Jemila Raks, the belly dancing club at R-MWC, has turned into one of the more popular activities for students.
The club was formed by sophomores Emily Miller and Denise Sewell in the spring of 2005.
After becoming an official campus organization in April 2005, Jemila Raks began recruiting members. There are currently more than 30 active members.
“I joined because I wanted to be active in a fun way,” said sophomore Kristen Fort. "My previous experience comes only from a belly dancing video.”
Belly dancing is actually a western term describing baladi, an Egyptian style of dance where the stomach is isolated and a variety of dance-like, ethereal movements are made.
Belly dancing has made its mark in the past few years, becoming extremely popular across the United States.
Miller and Sewell became interested in belly dancing around 2004. Both have taken classes and learned from observation.
Miller, who is from Dallas, has performed before an audience and has won an amateur belly dancing competition.
A Georgia native, Sewell has also participated in performances, dancing in venues such as Middle Eastern restaurants around her hometown.

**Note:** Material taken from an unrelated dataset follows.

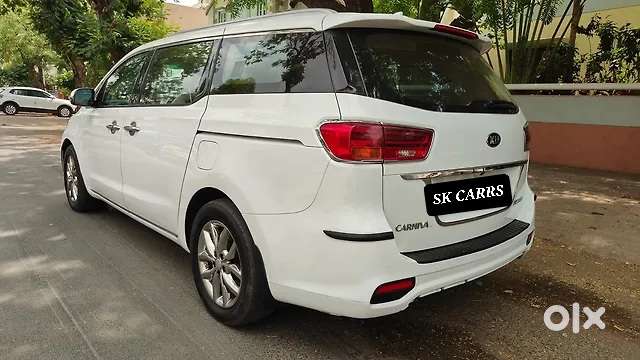 Kia Carnival Limousine Plus 7 Str, 2020, Diesel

In addition to the session taught by Sewell and Miller on Wednesday nights, they also employ the help of a specialist, Lavina Damrell.
“I love having the specialty teacher Lavina,” said freshman Maria Lugo. ”It really helps me to learn different belly dancing skills that I don't learn each week,”
Damrell focuses on tribal style and slow, graceful movements.
Like Miller and Sewell, Damrell’s knowledge of belly dancing comes from both a mixture of formal instruction, experimenting and informal observation.
“I had a friend whose mother was an Armenian from Syria/Lebanon and knew how to (belly dance), so she taught all her daughters, who in turn taught me,” Damrell said.
Last fall, Jemila Raks put on a student-run performance, the “first annual R-MWC Belly Dancing Hafla.”
Students of all skill levels participated in the event.
“The instructors really are dedicated teachers and their talents prove that almost anyone can learn to belly dance. I had a great time with the Hafla,” said freshman Kandace Marie Allen.
Jemila Raks has other plans for the future, including a Belly Dance Competition and a trip to see the Belly Dance Superstars perform.
The classes are held every Wednesday at 7 p.m.